Rediscovering Entropy Regularization: Adaptive Coefficient Unlocks Its Potential for LLM Reinforcement Learning
2510.10959v1
cs.LG, cs.AI, cs.CL, stat.ML
2025-10-15
Авторы:
Xiaoyun Zhang, Xiaojian Yuan, Di Huang, Wang You, Chen Hu, Jingqing Ruan, Kejiang Chen, Xing Hu
Abstract
Reasoning ability has become a defining capability of Large Language Models
(LLMs), with Reinforcement Learning with Verifiable Rewards (RLVR) emerging as
a key paradigm to enhance it. However, RLVR training often suffers from policy
entropy collapse, where the policy becomes overly deterministic, hindering
exploration and limiting reasoning performance. While entropy regularization is
a common remedy, its effectiveness is highly sensitive to the fixed
coefficient, making it unstable across tasks and models.
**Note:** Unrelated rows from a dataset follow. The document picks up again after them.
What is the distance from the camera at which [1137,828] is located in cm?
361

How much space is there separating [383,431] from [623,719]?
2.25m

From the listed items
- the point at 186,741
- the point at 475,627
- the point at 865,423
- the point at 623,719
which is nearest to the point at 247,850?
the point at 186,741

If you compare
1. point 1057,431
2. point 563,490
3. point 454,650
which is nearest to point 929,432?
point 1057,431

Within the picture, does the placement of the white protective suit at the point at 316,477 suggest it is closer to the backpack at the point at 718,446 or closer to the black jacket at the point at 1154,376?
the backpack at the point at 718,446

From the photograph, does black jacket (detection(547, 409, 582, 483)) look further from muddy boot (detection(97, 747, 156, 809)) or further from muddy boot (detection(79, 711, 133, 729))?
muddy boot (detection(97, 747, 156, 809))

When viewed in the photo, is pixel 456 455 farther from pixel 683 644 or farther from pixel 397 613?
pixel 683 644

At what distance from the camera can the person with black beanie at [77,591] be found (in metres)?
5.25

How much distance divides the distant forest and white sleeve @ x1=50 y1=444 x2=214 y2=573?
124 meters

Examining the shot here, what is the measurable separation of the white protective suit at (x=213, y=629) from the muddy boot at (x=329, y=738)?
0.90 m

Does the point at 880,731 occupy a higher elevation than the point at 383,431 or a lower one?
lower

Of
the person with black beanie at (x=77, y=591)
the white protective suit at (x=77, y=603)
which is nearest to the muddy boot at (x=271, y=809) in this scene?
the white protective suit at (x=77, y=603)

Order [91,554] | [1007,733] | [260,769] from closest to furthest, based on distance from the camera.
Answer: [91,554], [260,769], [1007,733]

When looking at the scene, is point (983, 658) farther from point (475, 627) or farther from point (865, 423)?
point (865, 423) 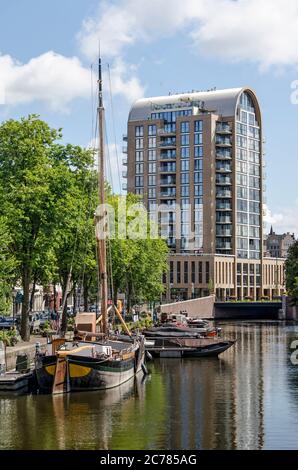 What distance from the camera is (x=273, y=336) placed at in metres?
102

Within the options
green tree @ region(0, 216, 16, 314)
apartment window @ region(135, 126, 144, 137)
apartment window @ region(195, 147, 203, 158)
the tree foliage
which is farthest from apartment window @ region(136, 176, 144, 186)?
green tree @ region(0, 216, 16, 314)

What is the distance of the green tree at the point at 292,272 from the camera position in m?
130

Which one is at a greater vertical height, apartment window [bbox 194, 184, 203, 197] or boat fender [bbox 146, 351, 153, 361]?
apartment window [bbox 194, 184, 203, 197]

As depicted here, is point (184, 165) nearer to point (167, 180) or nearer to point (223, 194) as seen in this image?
point (167, 180)

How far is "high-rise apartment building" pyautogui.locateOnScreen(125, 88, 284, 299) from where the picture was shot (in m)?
184

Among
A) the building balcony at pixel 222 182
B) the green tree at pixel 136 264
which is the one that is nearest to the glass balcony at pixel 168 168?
the building balcony at pixel 222 182

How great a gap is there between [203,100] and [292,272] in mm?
66075

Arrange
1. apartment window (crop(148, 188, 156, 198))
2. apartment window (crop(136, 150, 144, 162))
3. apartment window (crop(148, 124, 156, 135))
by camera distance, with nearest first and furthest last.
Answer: apartment window (crop(148, 124, 156, 135)) < apartment window (crop(148, 188, 156, 198)) < apartment window (crop(136, 150, 144, 162))

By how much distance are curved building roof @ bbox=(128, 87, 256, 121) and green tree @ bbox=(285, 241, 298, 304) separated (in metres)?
52.7

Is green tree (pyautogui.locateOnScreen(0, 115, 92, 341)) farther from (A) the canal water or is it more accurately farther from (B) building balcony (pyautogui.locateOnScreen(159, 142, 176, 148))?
(B) building balcony (pyautogui.locateOnScreen(159, 142, 176, 148))

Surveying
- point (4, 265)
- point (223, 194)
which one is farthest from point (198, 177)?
point (4, 265)

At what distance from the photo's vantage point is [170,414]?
4106 centimetres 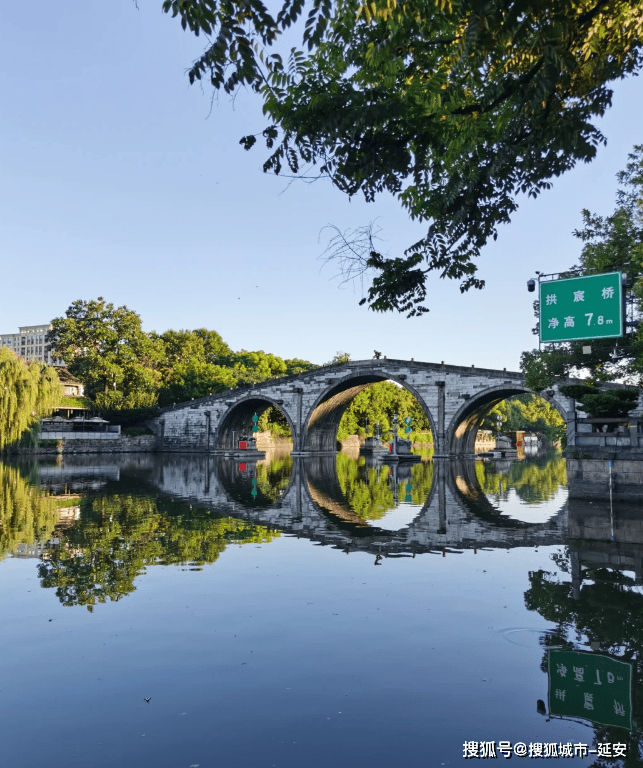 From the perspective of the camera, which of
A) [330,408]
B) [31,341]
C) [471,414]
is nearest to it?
[471,414]

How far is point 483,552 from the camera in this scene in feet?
34.7

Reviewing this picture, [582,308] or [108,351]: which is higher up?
[108,351]

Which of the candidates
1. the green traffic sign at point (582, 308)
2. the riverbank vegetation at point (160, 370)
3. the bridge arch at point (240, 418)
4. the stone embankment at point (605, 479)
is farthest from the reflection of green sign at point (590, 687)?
the riverbank vegetation at point (160, 370)

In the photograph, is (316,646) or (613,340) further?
(613,340)

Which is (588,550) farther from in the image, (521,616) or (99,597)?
(99,597)

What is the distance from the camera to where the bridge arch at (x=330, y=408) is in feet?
159

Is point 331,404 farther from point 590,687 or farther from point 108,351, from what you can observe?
point 590,687

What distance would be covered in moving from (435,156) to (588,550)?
719 centimetres

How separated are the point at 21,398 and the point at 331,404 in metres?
24.9

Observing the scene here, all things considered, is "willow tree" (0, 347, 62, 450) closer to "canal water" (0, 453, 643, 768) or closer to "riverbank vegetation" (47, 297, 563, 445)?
"riverbank vegetation" (47, 297, 563, 445)

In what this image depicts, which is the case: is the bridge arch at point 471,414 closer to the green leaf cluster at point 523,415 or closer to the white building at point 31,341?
the green leaf cluster at point 523,415

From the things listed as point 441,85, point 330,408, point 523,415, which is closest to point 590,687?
point 441,85

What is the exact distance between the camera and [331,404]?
177 ft

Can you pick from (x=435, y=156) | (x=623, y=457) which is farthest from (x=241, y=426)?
(x=435, y=156)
In this work, we
revisit entropy regularization in RLVR and argue that its potential has been
largely underestimated. Our analysis shows that (i) tasks of varying difficulty
demand distinct exploration intensities, and (ii) balanced exploration may
require the policy entropy to be maintained within a moderate range below its
initial level. Therefore, we propose Adaptive Entropy Regularization (AER)--a
framework that dynamically balances exploration and exploitation via three
components: difficulty-aware coefficient allocation, initial-anchored target
entropy, and dynamic global coefficient adjustment. Experiments on multiple
mathematical reasoning benchmarks show that AER consistently outperforms
baselines, improving both reasoning accuracy and exploration capability.